Screening, however, is only the first step in treating these conditions. To minimize potential harm caused by false positive results, it will be crucial to have rapid and effective follow-up testing. For example, sequencing of the relevant disease gene can provide a conclusive diagnosis for many conditions. Also, some of the disorders included in the screening panel are rare and may not be well understood by primary care physicians who provide treatment or by genetic counselors who educate parents. It will therefore be important to disseminate information on these disorders, and the report has taken a step toward that goal by including a fact sheet on each condition.

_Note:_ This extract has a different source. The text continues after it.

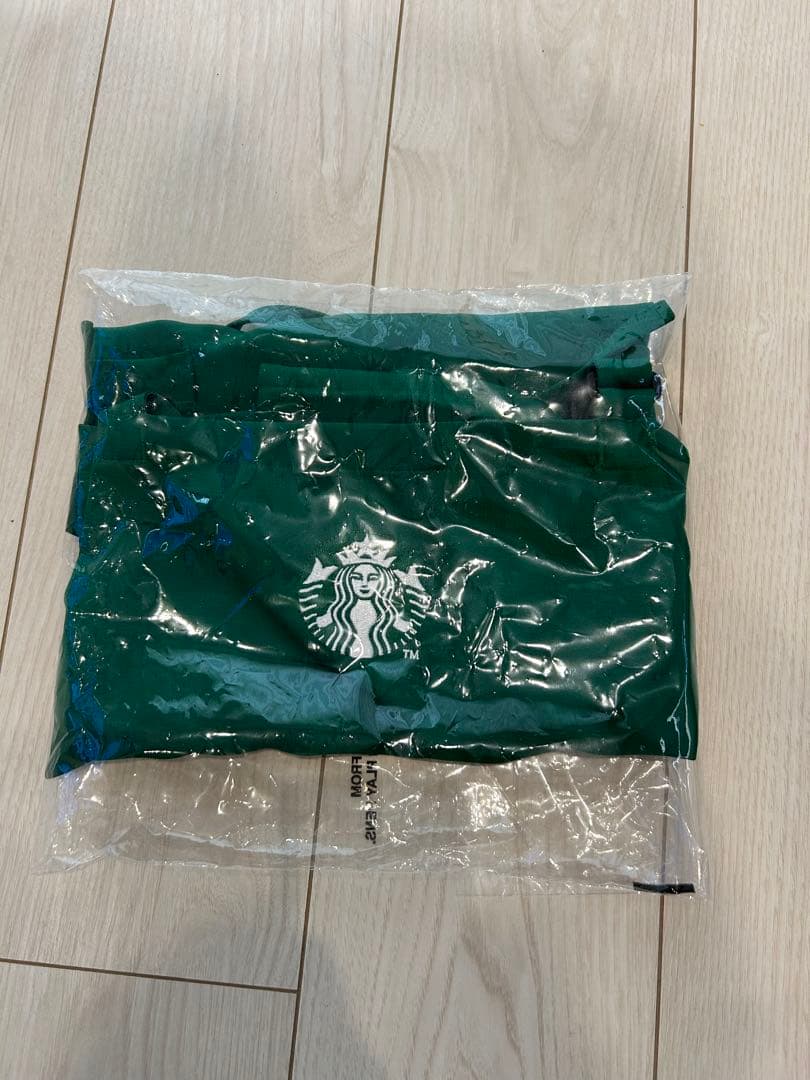 【非売品】従業員用　Starbucks グリーンエプロン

To be sure, not everyone is satisfied with the panel's recommendations (see page 1020). The conditions selected for testing range from those for which the benefits of screening and treatment are beyond doubt—such as phenylketonuria and congenital hypothyroidism—to those for which the potential benefits and risks are much less clear. In assessing the benefit of screening for some disorders, critics feel that the panel relied too much on expert opinion rather than on hard evidence in the medical literature. Some diseases recommended for screening are extremely rare, with an incidence on the order of 1 in 100,000 births or less; these pose a particular problem, as information about these conditions is limited, including uncertainty about their true incidence and whether treatment is effective.

Addressing these concerns will require a coordinated effort to track screening results and the outcomes of diagnosed babies. For conditions that are less well understood, it will be crucial to track the rate of false positives and whether treatments are actually effective. Testing for rare diseases should provide better numbers for their incidence, and identifying more infants with such conditions might aid research on these disorders.

Some conditions may have been previously underdiagnosed and contribute more than realized to sickness or death in infants. More information on the poorly understood secondary set of disorders should be particularly valuable in contributing to a better understanding of the disease process and the development of treatment. However, collecting these types of data may run afoul of privacy regulations, and it will be important to devise a strategy that allows data collection while addressing legitimate privacy concerns.

Although there may be disagreements among experts about some of the specifics of the ACMG report's recommendations, in the few months since the report was issued, states have taken notice. Most are expanding their newborn screening programs, and 10 already mandate screening for all 29 recommended conditions. It will clearly take significant resources for states to expand screening—to equip clinical laboratories, train laboratory personnel, pay for screening and follow-up testing, and to track results. But standardizing testing across states so that accidents of geography do not have life-and-death consequences seems like an idea whose time has come.